Scraping content of a tag by title with Scrapy
I am scraping listings on a real estate website. The property details are located within a table and all have the same class name
However, on occasions, the values are not ordered in the same way or are missing and so when I run my spider I get values in wrong columns
type = response.css('div.carac-value span::text').extract()[1]
year= response.css('div.carac-value span::text').extract()[2]
area = response.css('div.carac-value span::text').extract()[3]
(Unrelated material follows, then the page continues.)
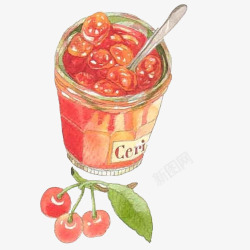 樱桃罐头樱桃罐头手绘画片高清图片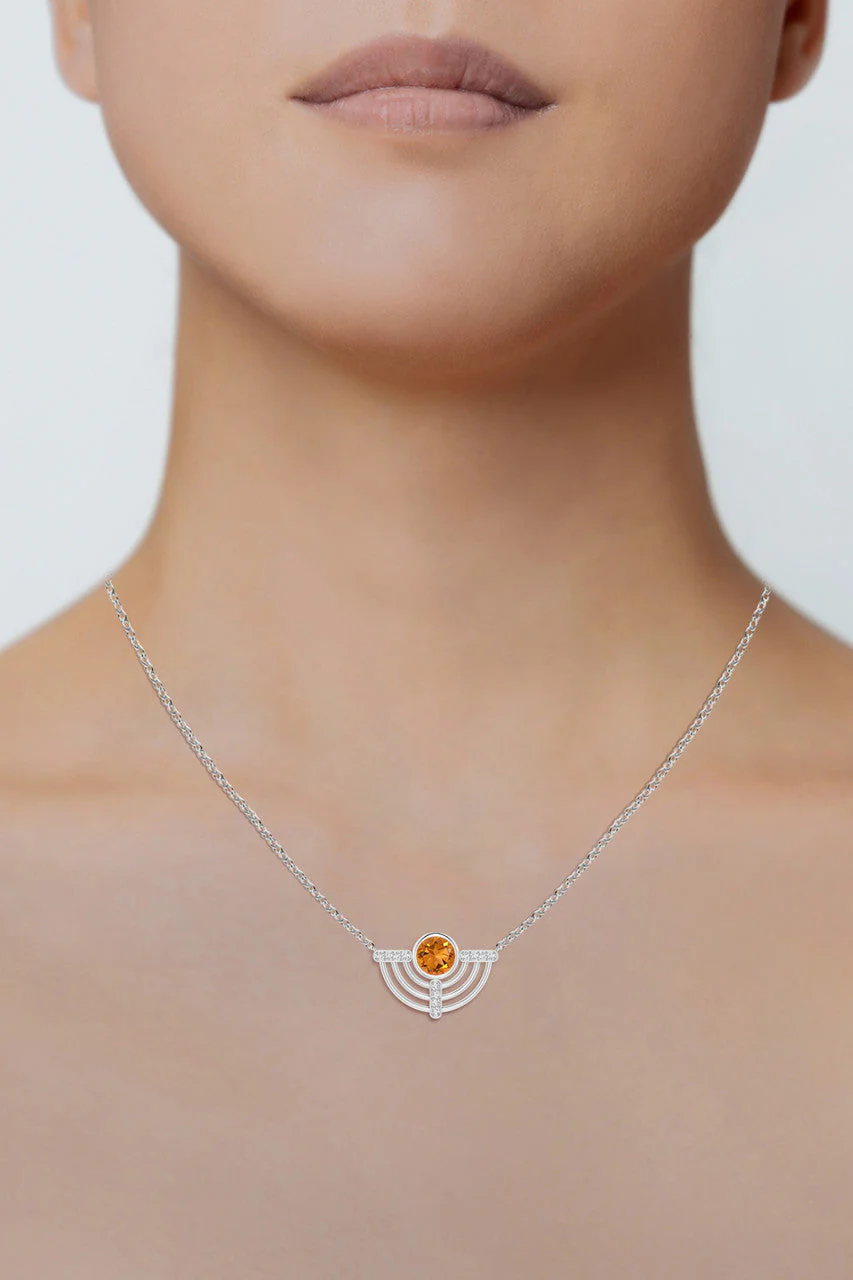 Infinity Half Concentric Circle 14K Gold and Citrine Pendant Necklace - Image 7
(i.e in the column of property area I would get its construction year) How can I only extract content of a class with a specific title like "Superficie nette" ?
- I used
default=''
since not all of the pages have those properties (year, type, area) - I'm using xpath to find a specific div that has a word in it, and then we get the text of the next sibling.
- I changed
type
totype1
.
scrapy shell
In [1]: url = 'https://www.centris.ca/fr/condo~a-vendre~montreal-rosemont-la-petite-patrie/19783085?view=Summary&uc=3'
In [2]: headers = {'User-Agent':'Mozilla/5.0 (Windows NT 10.0; Win64; x64) AppleWebKit/537.36 (KHTML, like Gecko) Chrom
...: e/74.0.3729.169 Safari/537.36'}
In [3]: req = scrapy.Request(url=url, headers=headers)
In [4]: fetch(req)
[scrapy.core.engine] INFO: Spider opened
[scrapy.core.engine] DEBUG: Crawled (200) <GET https://www.centris.ca/fr/condo~a-vendre~montreal-rosemont-la-petite-patrie/19783085?view=Summary&uc=3> (referer: None)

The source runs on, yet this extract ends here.